▶ **RECORD SET**
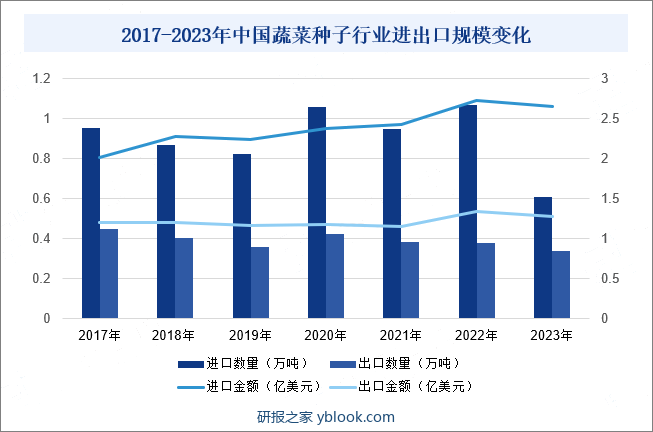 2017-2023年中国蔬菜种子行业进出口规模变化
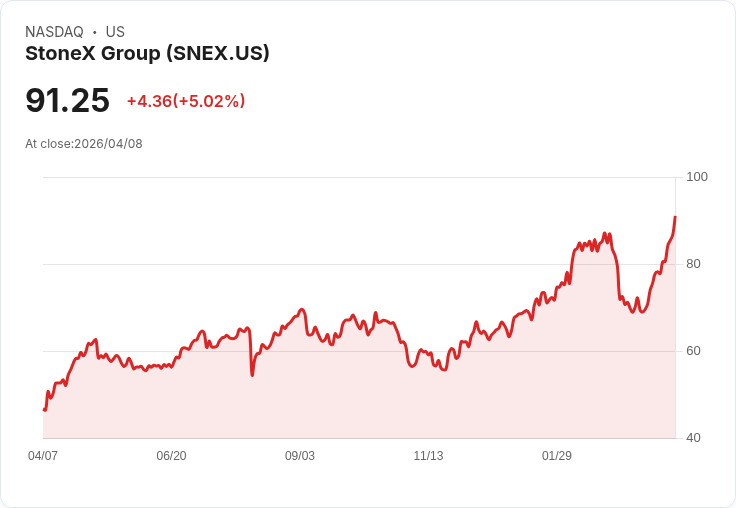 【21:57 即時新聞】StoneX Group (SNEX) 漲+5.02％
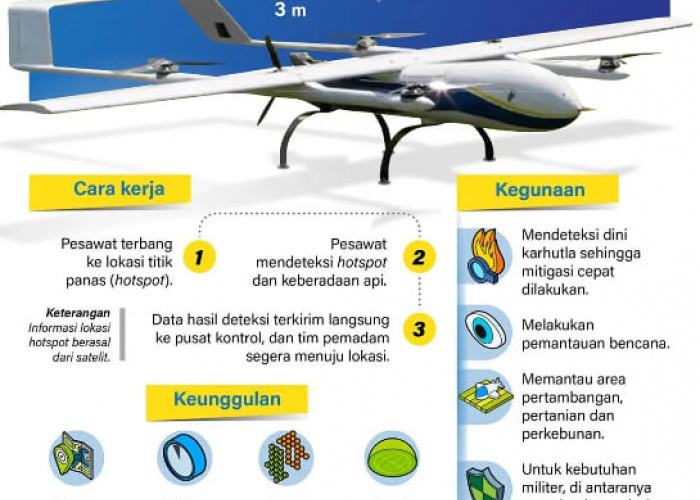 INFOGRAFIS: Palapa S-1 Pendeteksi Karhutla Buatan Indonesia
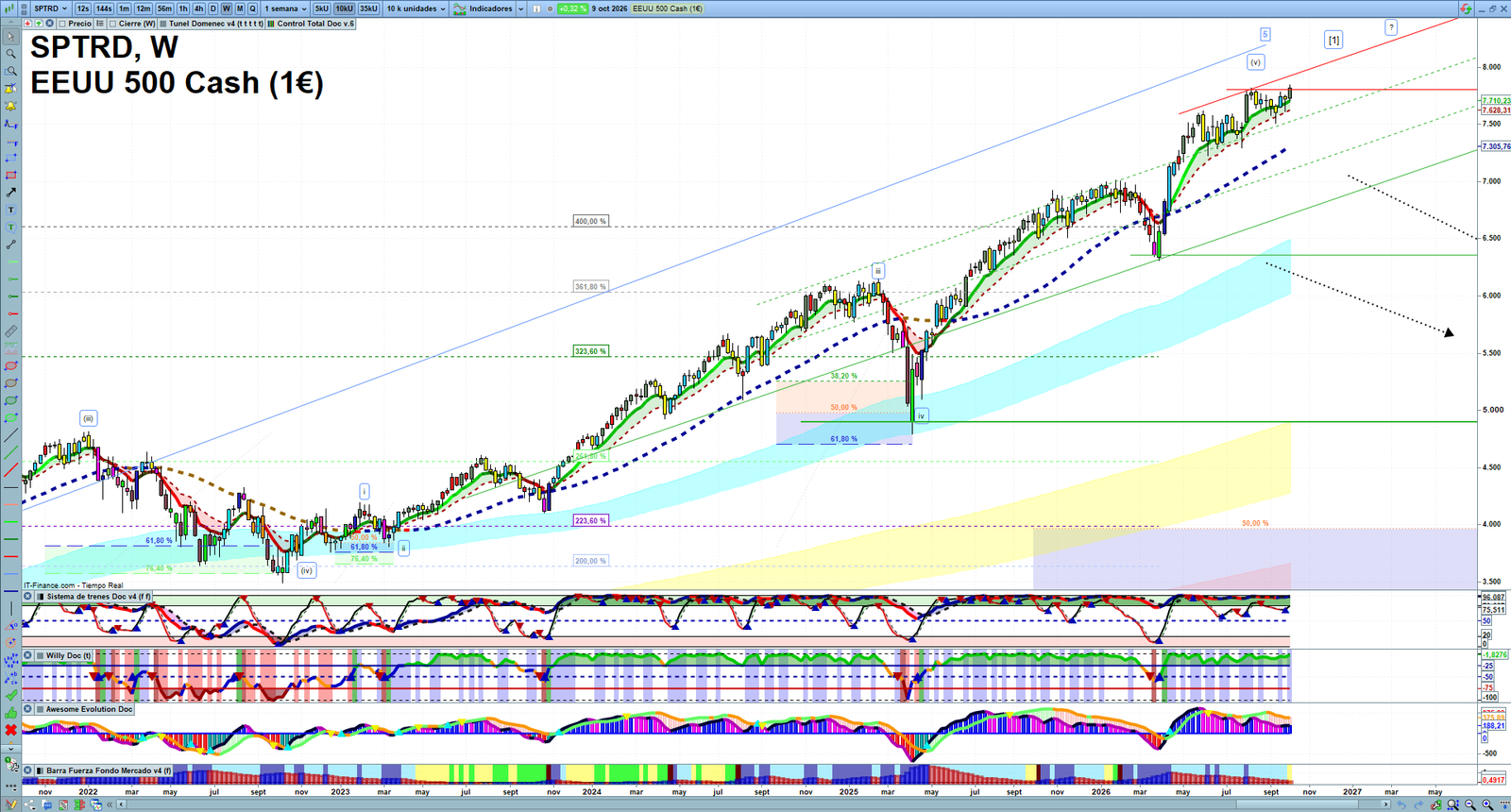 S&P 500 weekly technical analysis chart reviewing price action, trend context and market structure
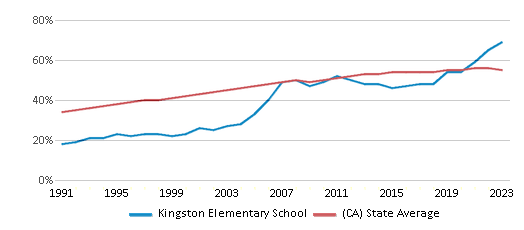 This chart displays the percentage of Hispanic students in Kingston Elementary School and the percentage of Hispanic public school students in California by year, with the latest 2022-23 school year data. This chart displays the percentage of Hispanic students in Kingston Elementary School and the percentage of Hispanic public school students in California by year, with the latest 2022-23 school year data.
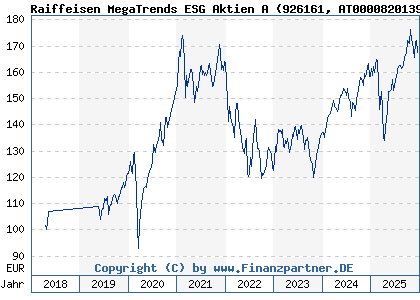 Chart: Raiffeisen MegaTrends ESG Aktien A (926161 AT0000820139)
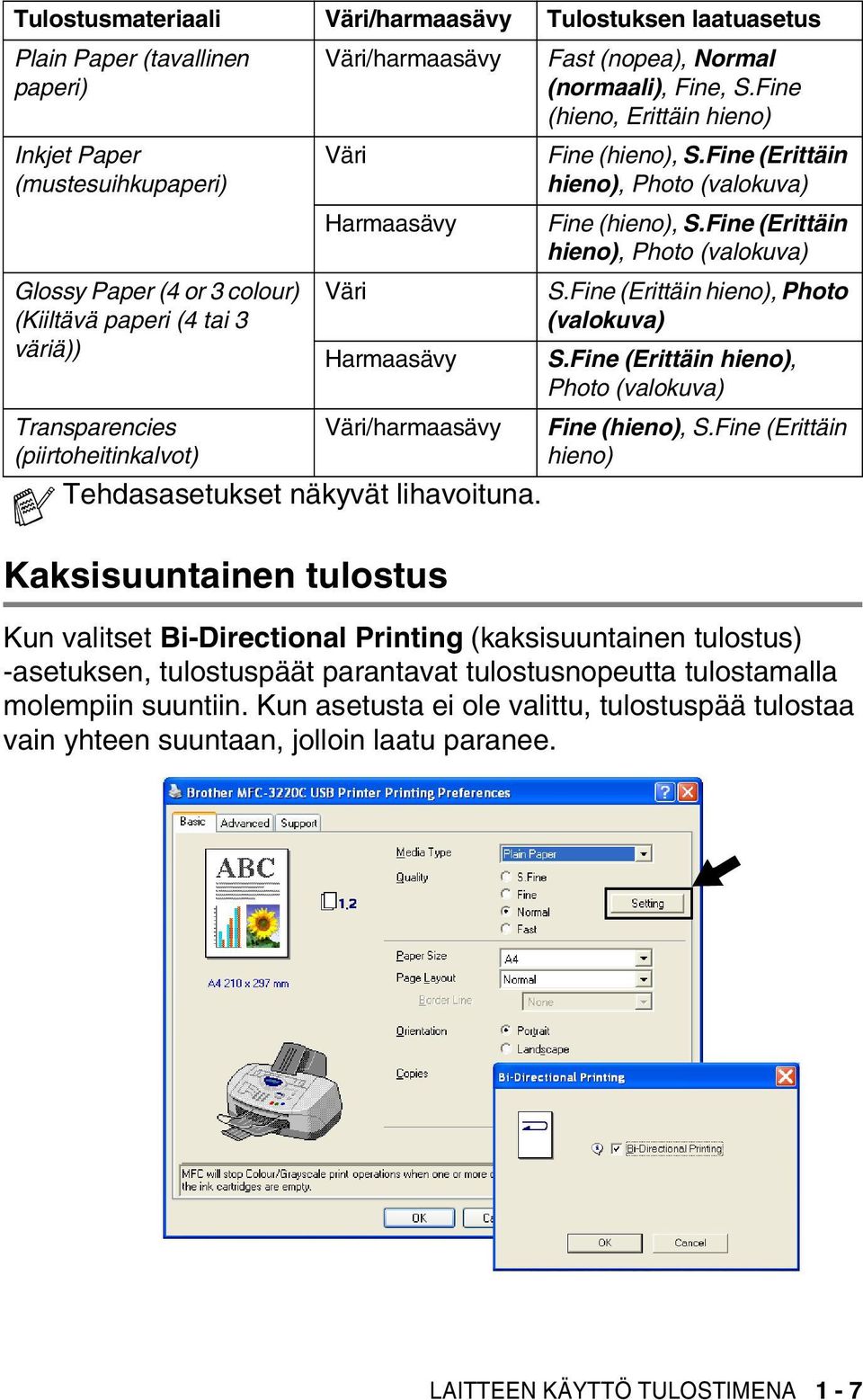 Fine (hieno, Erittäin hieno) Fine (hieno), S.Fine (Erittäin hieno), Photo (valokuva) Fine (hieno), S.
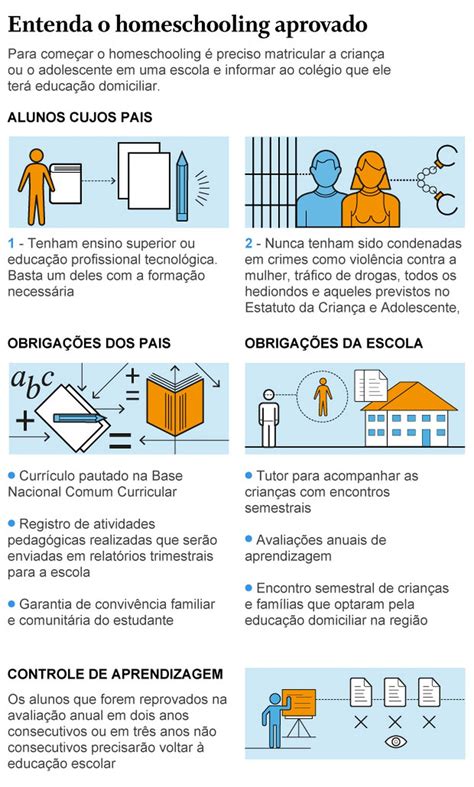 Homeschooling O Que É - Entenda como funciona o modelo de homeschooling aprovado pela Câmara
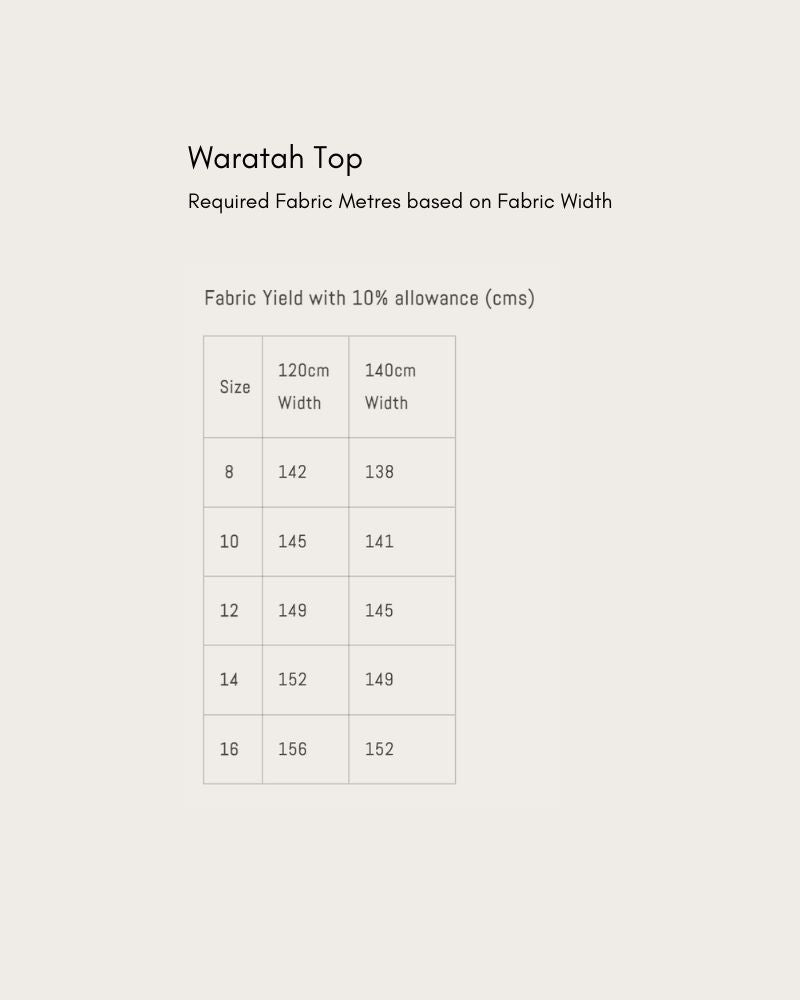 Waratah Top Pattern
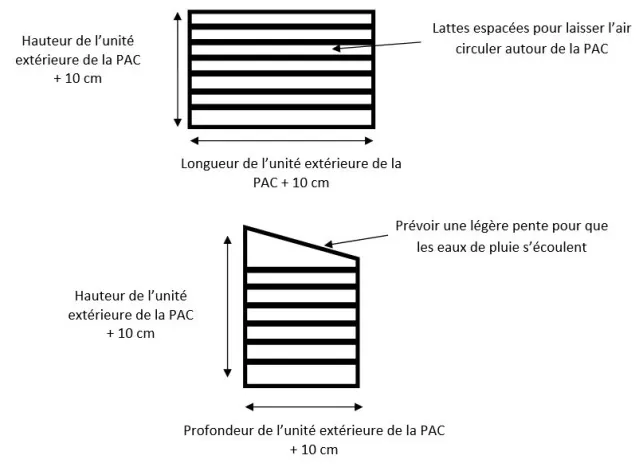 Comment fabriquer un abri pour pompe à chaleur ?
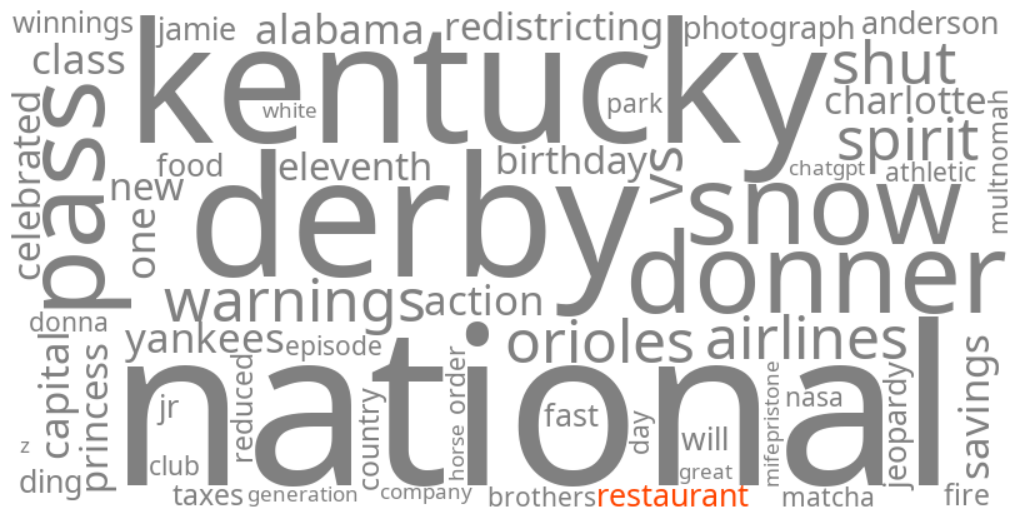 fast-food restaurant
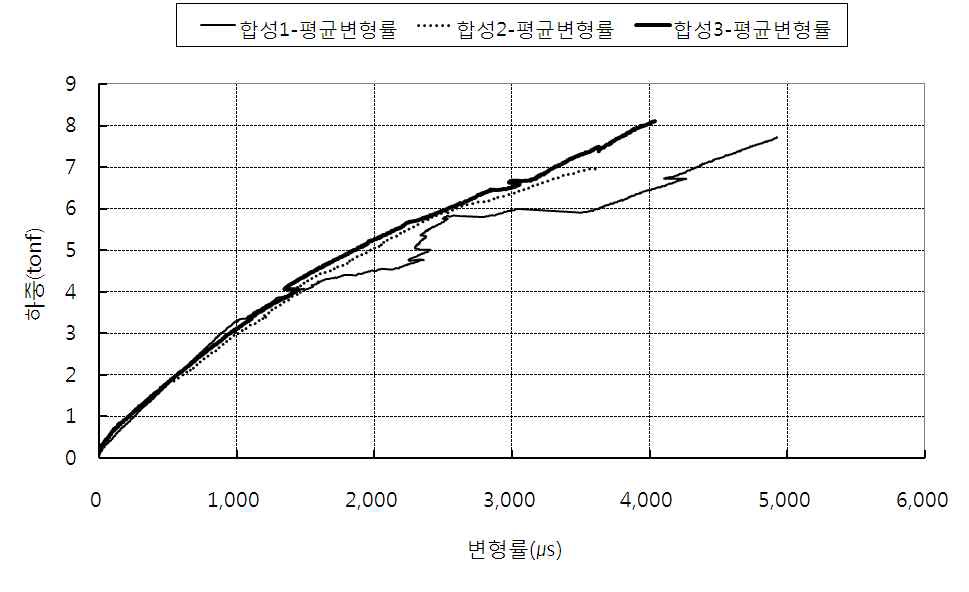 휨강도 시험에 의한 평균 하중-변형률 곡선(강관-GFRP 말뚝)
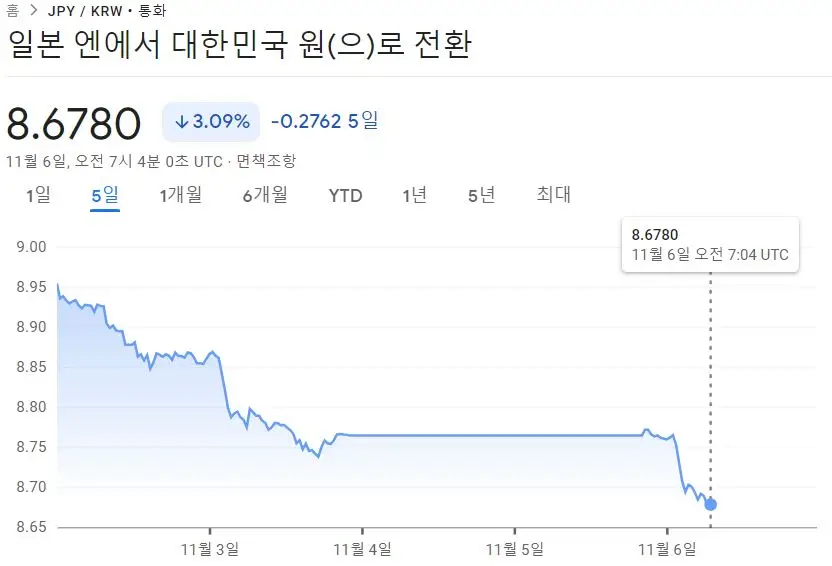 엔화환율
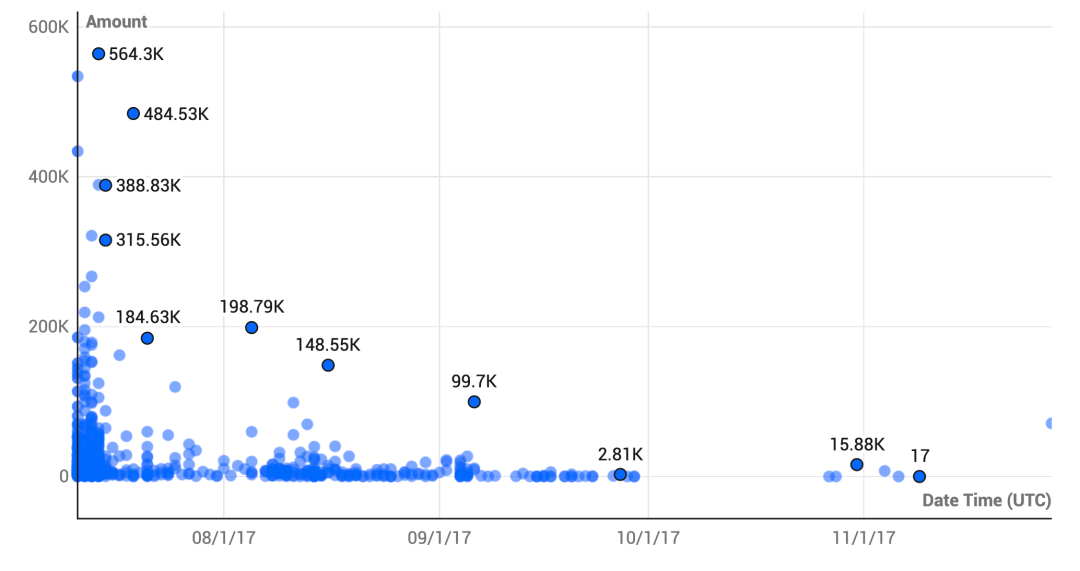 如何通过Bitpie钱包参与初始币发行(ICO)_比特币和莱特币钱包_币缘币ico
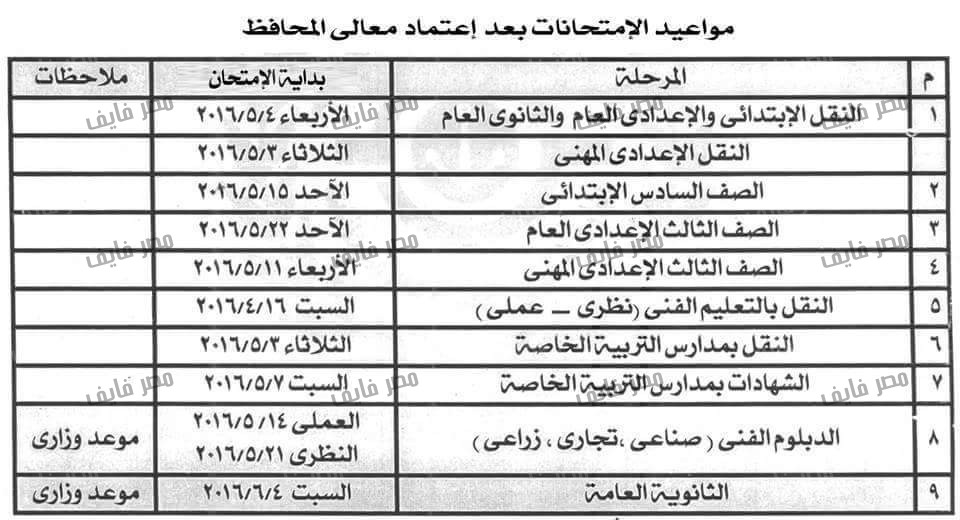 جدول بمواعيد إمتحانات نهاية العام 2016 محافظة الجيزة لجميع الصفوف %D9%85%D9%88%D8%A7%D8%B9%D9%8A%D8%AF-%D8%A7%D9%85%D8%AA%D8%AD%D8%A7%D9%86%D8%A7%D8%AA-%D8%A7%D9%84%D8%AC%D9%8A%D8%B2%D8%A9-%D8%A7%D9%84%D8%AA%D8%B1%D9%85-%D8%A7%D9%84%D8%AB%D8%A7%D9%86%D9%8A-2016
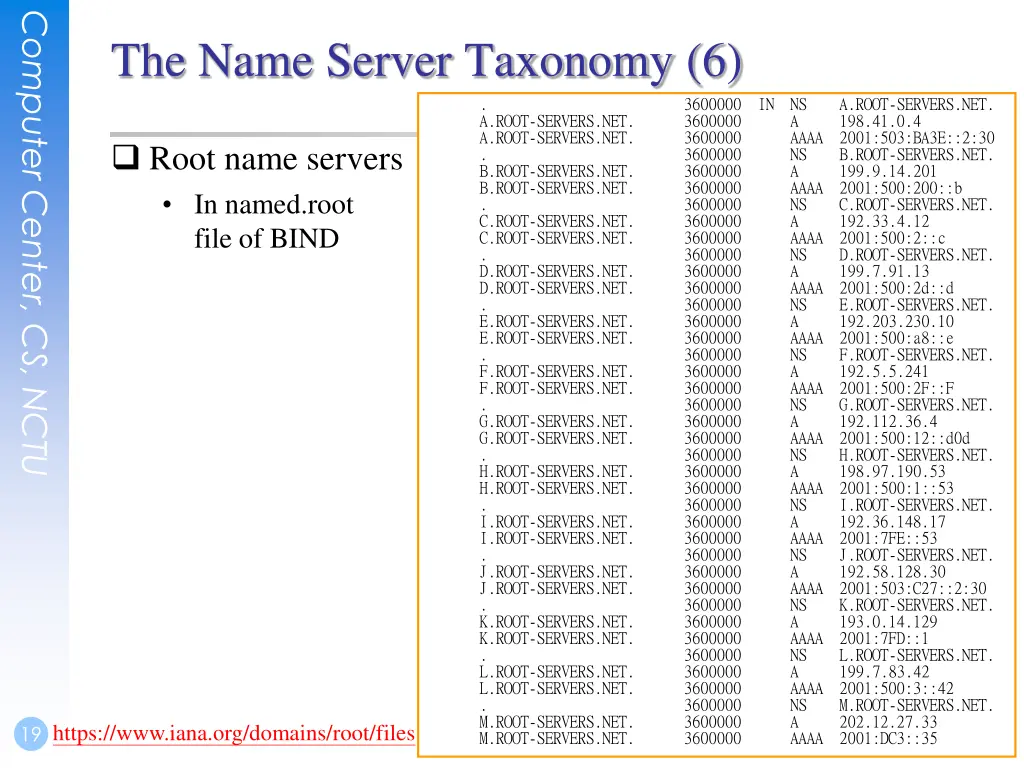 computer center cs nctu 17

▶ **PROMPT**
Exactly the lines from the one containing "如何通过Bitpie钱包参与" through the end of the data above: repeat those, both ends included, and nothing else. Skip the pictures.

▶ **FINISHED TASK**
 如何通过Bitpie钱包参与初始币发行(ICO)_比特币和莱特币钱包_币缘币ico
 جدول بمواعيد إمتحانات نهاية العام 2016 محافظة الجيزة لجميع الصفوف %D9%85%D9%88%D8%A7%D8%B9%D9%8A%D8%AF-%D8%A7%D9%85%D8%AA%D8%AD%D8%A7%D9%86%D8%A7%D8%AA-%D8%A7%D9%84%D8%AC%D9%8A%D8%B2%D8%A9-%D8%A7%D9%84%D8%AA%D8%B1%D9%85-%D8%A7%D9%84%D8%AB%D8%A7%D9%86%D9%8A-2016
 computer center cs nctu 17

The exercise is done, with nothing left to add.